• _STUDY MATERIAL_

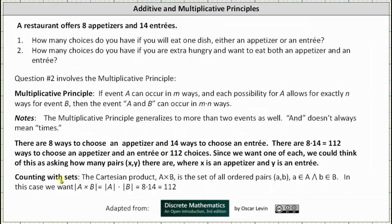In terms of sets, remember the Cartesian product is the set of all ordered pairs (a, b), where a is an element of set A and b is an element of set B. In this case, we're looking for the cardinality of the Cartesian product of A and B, which is equal to the cardinality of A times the cardinality of B, which is 112. I hope you found this helpful.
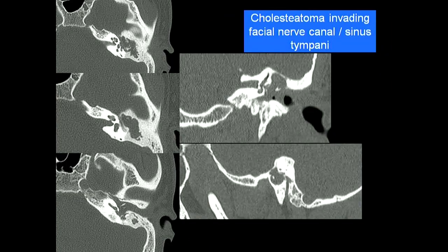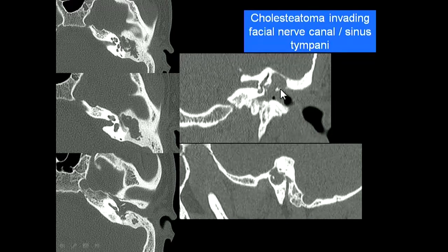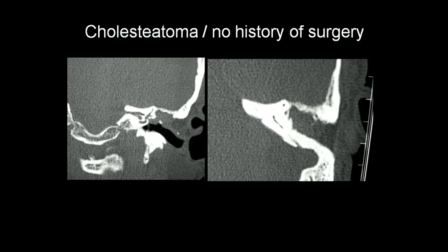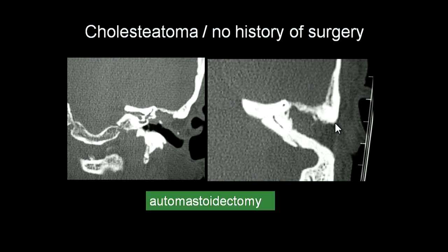This patient has extensive erosions involving the facial nerve canal near its first part, and the horizontal facial nerve canal area is also involved. The horizontal semicircular canal is also eroded, and there is expansion in the region of the posterior facial nerve. This patient had no surgical history, but had a defect and a history of discharge — this is essentially an auto-mastoidectomy created by the cholesteatoma.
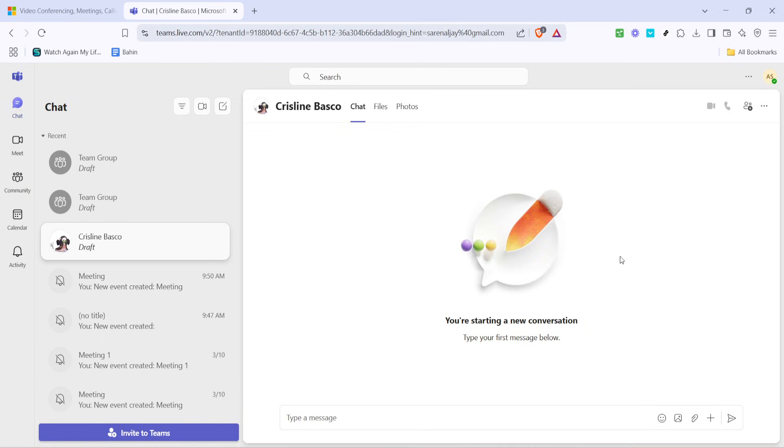So that's it! You've just learned how to effectively make a phone call using Microsoft Teams. It's a straightforward process that gets easier the more you do it. Remember, Microsoft Teams is continuously updated, so always be on the lookout for new features that can make your communication even more seamless. Thanks for watching, and happy calling!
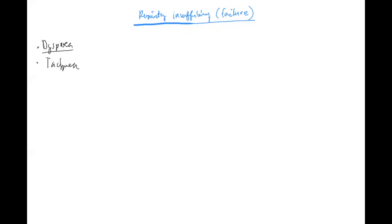Hyperventilation — okay, tachypnea, hyperventilation, depends how severe it is. Also maybe a bluish color — very good. So cyanosis — I'm going to make a note on cyanosis very soon.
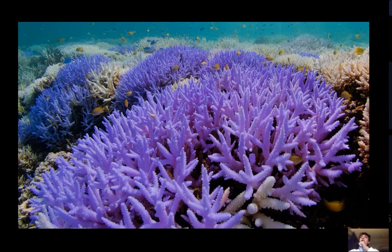They have radial symmetry, they have stingers, and they have only one opening. An example of a cnidarian is coral, like what's on the screen.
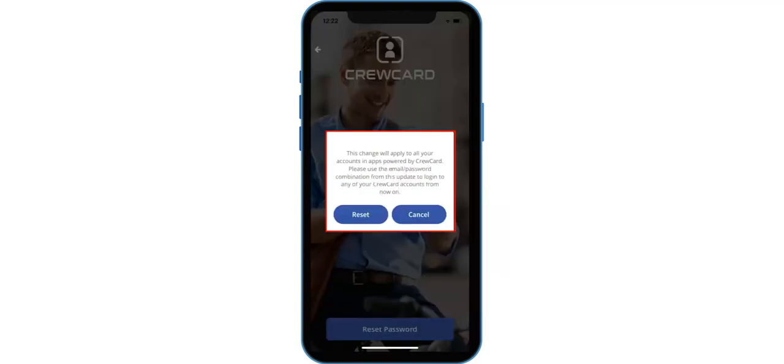A pop-up will appear notifying you that this change will apply to all your accounts in apps powered by CrewCard. Tap the Reset button to confirm.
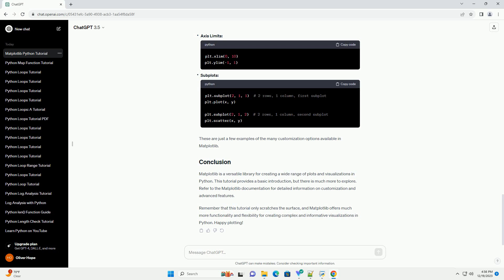Matplotlib is a versatile library for creating a wide range of plots and visualizations in Python. This tutorial provides a basic introduction, but there is much more to explore. Refer to the Matplotlib documentation for detailed information on customization and advanced features.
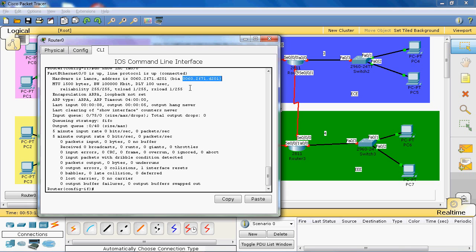The MAC address first character is 0060. The 7th bit of the MAC address is checked: if it is 0, we take it as 1; if it is 1, we take it as 0. For example, the first character 0 in hexadecimal is 0000, and 6 in hexadecimal is 0110. Since the 7th bit is 0, we flip it to 1, which changes the corresponding hex value to 2.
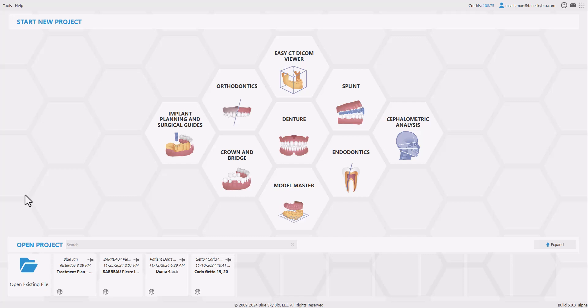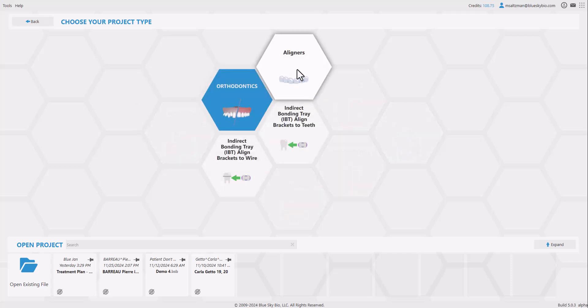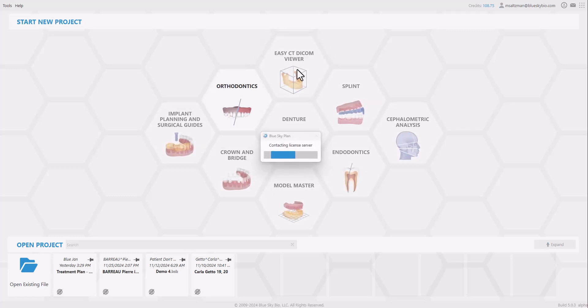We're going to start the process by loading the new data set into the software. Version 5.0 of BlueSky Plan has a new updated look and feel. We're going to start by clicking orthodontics and choosing aligners.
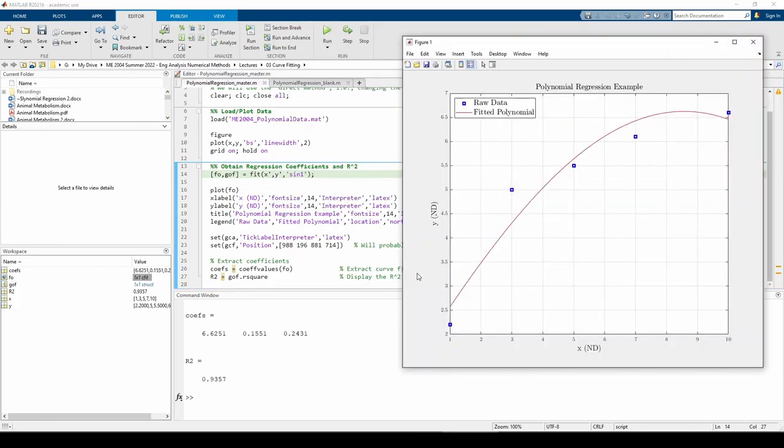And just for fun, I tried fitting a sine wave to the data. It actually turned out better than I thought. Okay, that's enough messing around.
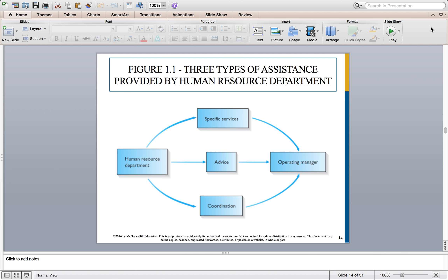Another diagram shows how everything interacts. The HR department on the far left and the operating manager on the far right — if HR is providing advice, specific services, and help with coordination of activities, it ends up being a complementary force that helps the operating manager. It's not HR bullying or claiming authority. The operating manager has the option to take that advice or not. It's working as a team, being in an advisory position.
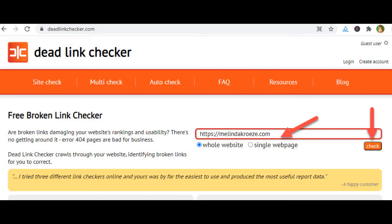If you're not using WordPress, there are several websites that will check your entire site for broken links. This site, deadlinkchecker.com, is one of them. You can enter in your website and click the check button. If you have a large site, this can take some time. So go get a cup of coffee while it runs. If it's a really large site, it can take several minutes.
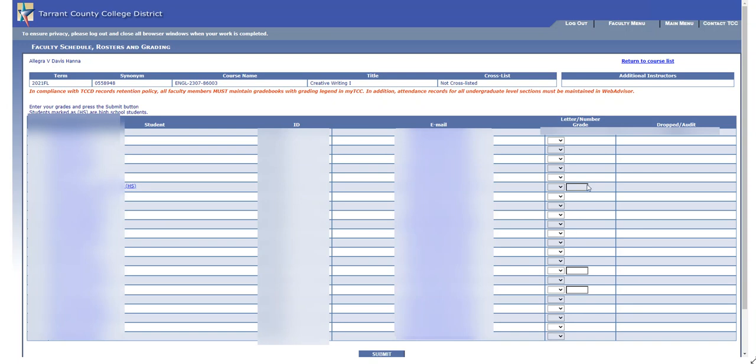For the students who are high school or dual credit students, you see this additional box next to the letter grade, and that's where you're going to enter the number grade. You want to enter the number grade plus one decimal point, so if it's an 89.5, I'm going to enter 89.5. That information is very important for high school students because it is used to help them determine class rank and GPA.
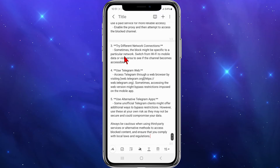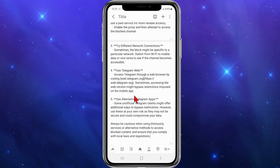If that doesn't work, move on to method three: try different network connections. Sometimes the block might be specific to a particular network, so you can switch from Wi-Fi to mobile data or vice versa to see if the channel becomes accessible.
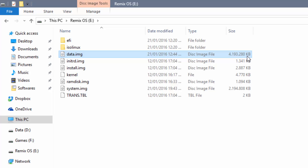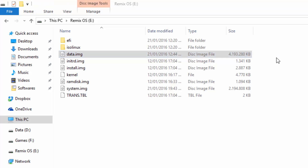So if you want to increase that size, you will need to increase this file size. I'm going to show you how to increase this size to 8, 16, 32, 64, or 128 gigabytes — it depends on you.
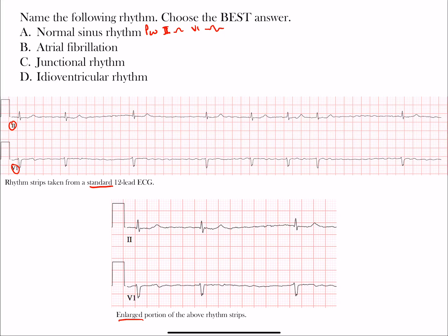We'd also want to see similar morphology in those P waves. However, looking throughout the strip, there are no P waves present — no clear P waves in either lead II or V1. The absence of P waves tells us we are not dealing with a sinus rhythm, so choice A is ruled out.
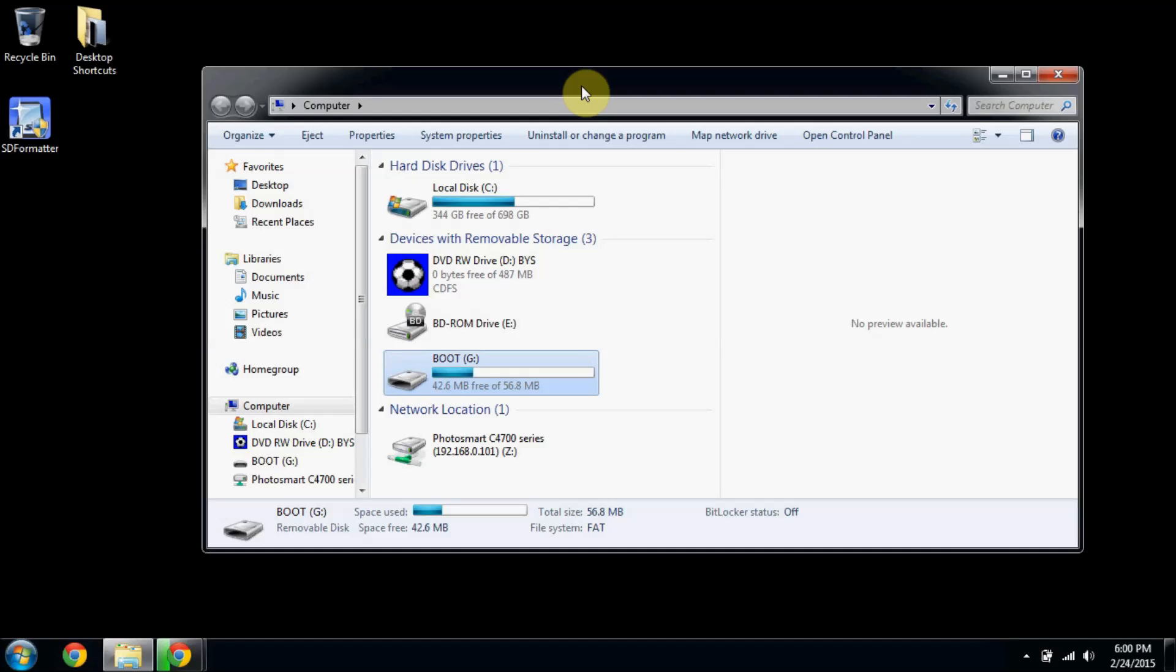Just make sure you pay attention to the drive letter that you're formatting, or else it could cause problems if you choose the wrong one. Ideally, SDFormatter should choose the right one for you, but just make sure to double-check.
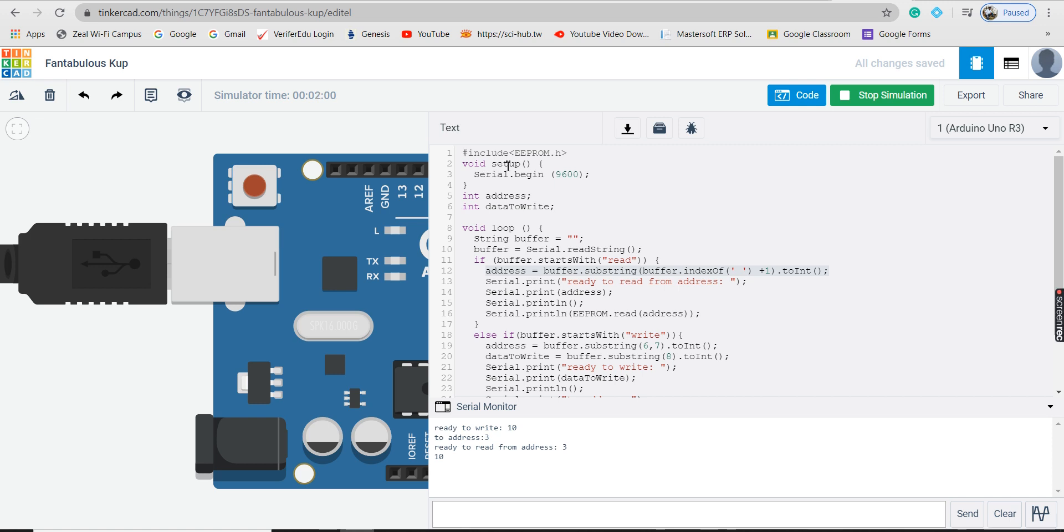Then we have used variables like address and data to write. You can see int address and int data to write. StringBuffer is simply a buffer or array and we save the data to each element using the equal to operation. You can see here buffer equal to.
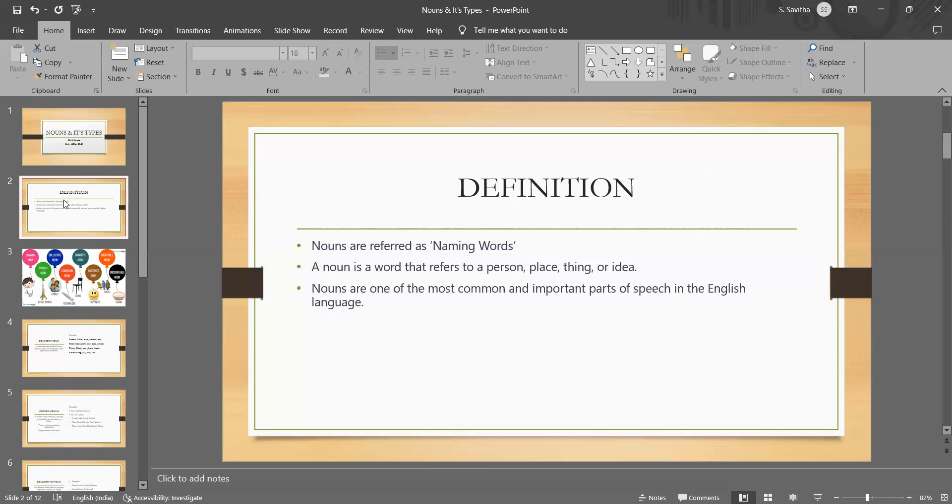So, how do you define a noun? In simple terms, it is referred as naming words. It can be defined as a person, a place, a thing or idea. It's a part of speech that is used to name and identify specific entities or concepts.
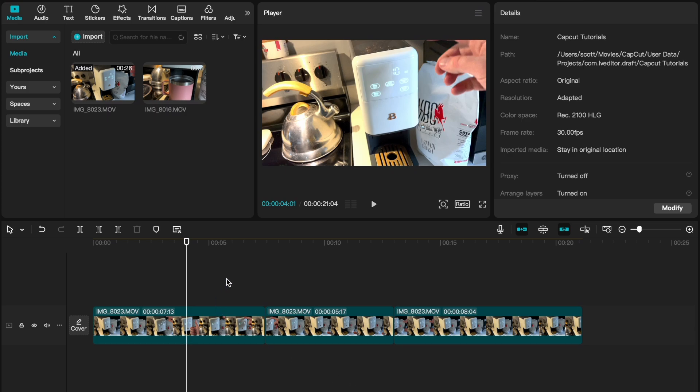Hey there friends, in today's quick CapCut tutorial I'm going to show you how to add video effects to your clips. It's a super simple process, let's jump into it.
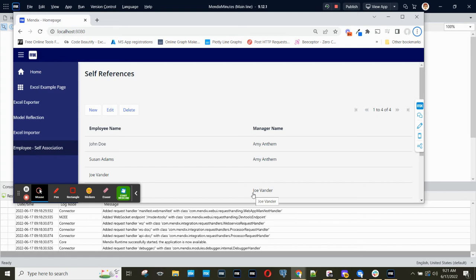Welcome to another Mendix Minutes. In this video, we'll talk about self-references.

• _EXERCISE DESCRIPTION_
Among the lines above, the one with "And just for" opens the part to repeat and the one with "So if you want" closes it; repeat only that part exactly, with no pictures.

• _WRITTEN SOLUTION_
And just for fun, I tried fitting a sine wave to the data. It actually turned out better than I thought. Okay, that's enough messing around.
Another diagram shows how everything interacts. The HR department on the far left and the operating manager on the far right — if HR is providing advice, specific services, and help with coordination of activities, it ends up being a complementary force that helps the operating manager. It's not HR bullying or claiming authority. The operating manager has the option to take that advice or not. It's working as a team, being in an advisory position.
If you're not using WordPress, there are several websites that will check your entire site for broken links. This site, deadlinkchecker.com, is one of them. You can enter in your website and click the check button. If you have a large site, this can take some time. So go get a cup of coffee while it runs. If it's a really large site, it can take several minutes.
For the students who are high school or dual credit students, you see this additional box next to the letter grade, and that's where you're going to enter the number grade. You want to enter the number grade plus one decimal point, so if it's an 89.5, I'm going to enter 89.5. That information is very important for high school students because it is used to help them determine class rank and GPA.
If that doesn't work, move on to method three: try different network connections. Sometimes the block might be specific to a particular network, so you can switch from Wi-Fi to mobile data or vice versa to see if the channel becomes accessible.
So if you want to increase that size, you will need to increase this file size. I'm going to show you how to increase this size to 8, 16, 32, 64, or 128 gigabytes — it depends on you.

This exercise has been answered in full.